Barbie: ultimate feminist or unhealthy role model?



By Claire Radler and Maggie Palmer

She’s a doctor, an astronaut, a teacher, and one of the most divisive children’s toys on the market. Most adults, especially women, have some kind of opinion on Barbie. Here are two opposing viewpoints from the staff at Crown, Regina Dominican High School’s newspaper.

Maggie Palmer believes Barbie promotes an unrealistic body image:

From an early age, girls are bombarded with images of what the “ideal woman” should look like, even though it is next to impossible to achieve. Little girls don’t understand the problem behind the plastic; they just see a fun doll to play with. Girls play with Barbies as if they were their friends, or sometimes themselves.

Some skeptics may argue that Barbie is just a toy and has nothing to do with reality. However, every child is influenced by the toys they play with. That’s why society is constantly giving children toys that are designed to prepare them for their adult life. Toys such as doctor’s kits, plastic kitchens, shopping carts, and baby dolls are all components to steering a child into typical and stereotypical adult lives.

Read the full article here.

Claire Radler, on the other hand, thinks Barbie gets a bad rap:

Over the years, Barbie has been subject to all kinds of controversy, mainly because of her “unrealistic” body type that critics claim can hurt the self esteem of young girls and influence them in a negative way.
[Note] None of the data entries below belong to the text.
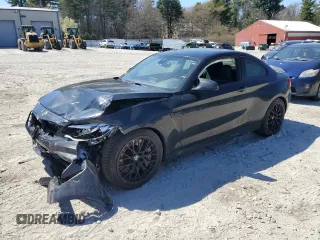 2020 BMW M2 Competition z VIN WBS2U7C0XL7E24083, wystawiony jako Copart lot #52687904 z przebiegiem Nie podano mil oraz Szkoda całkowita • Salvage title. Historia ofert i sprzedaży dostępna na DreamBid. Obrazek 1.
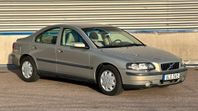 Volvo S60 2.4 140 hk Business Euro 4 Nyservad S+V Däck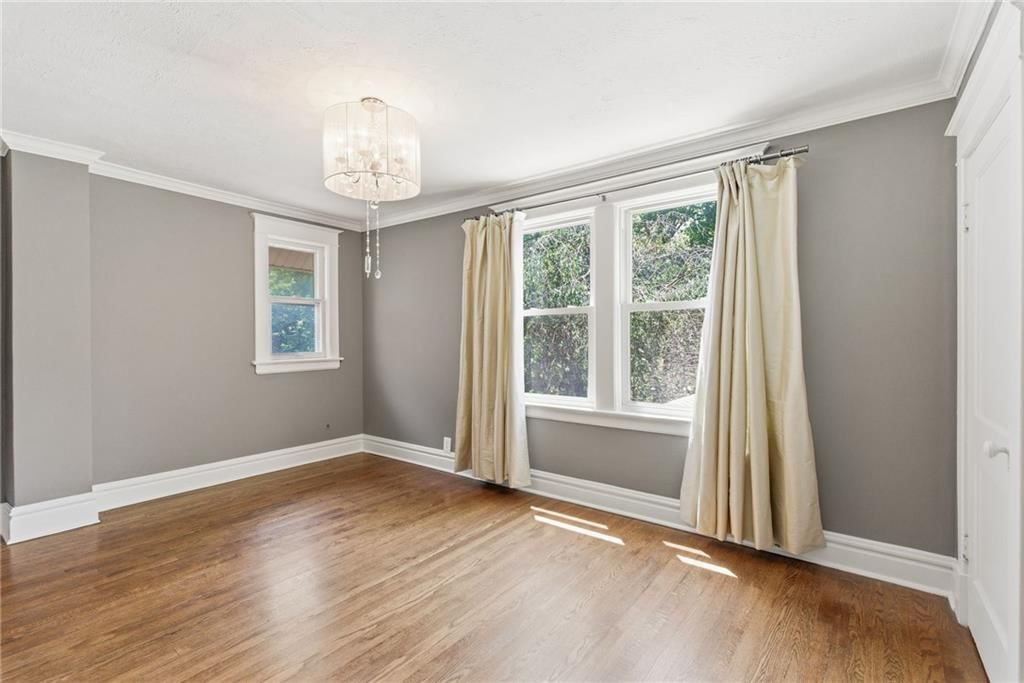 4215 Kenwood Avenue — photo 21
However, these critics are only basing their criticism on Barbie’s looks, which ironically, is something that we are taught not to do. “Don’t judge a book by its cover,” is a common saying, yet critics of Barbie are doing just that. They totally disregard everything that Barbie stands for, focusing strictly on her body.

Barbie is not the source of body issues. In fact, body stereotypes are what created Barbie in the first place. As can be seen in fashion ads from the 1950s, Barbie was designed after the body ideals that already existed: trim waist, long legs, etc. Don’t blame Barbie for causing self esteem issues; she merely reflects what is popular and idealized in society.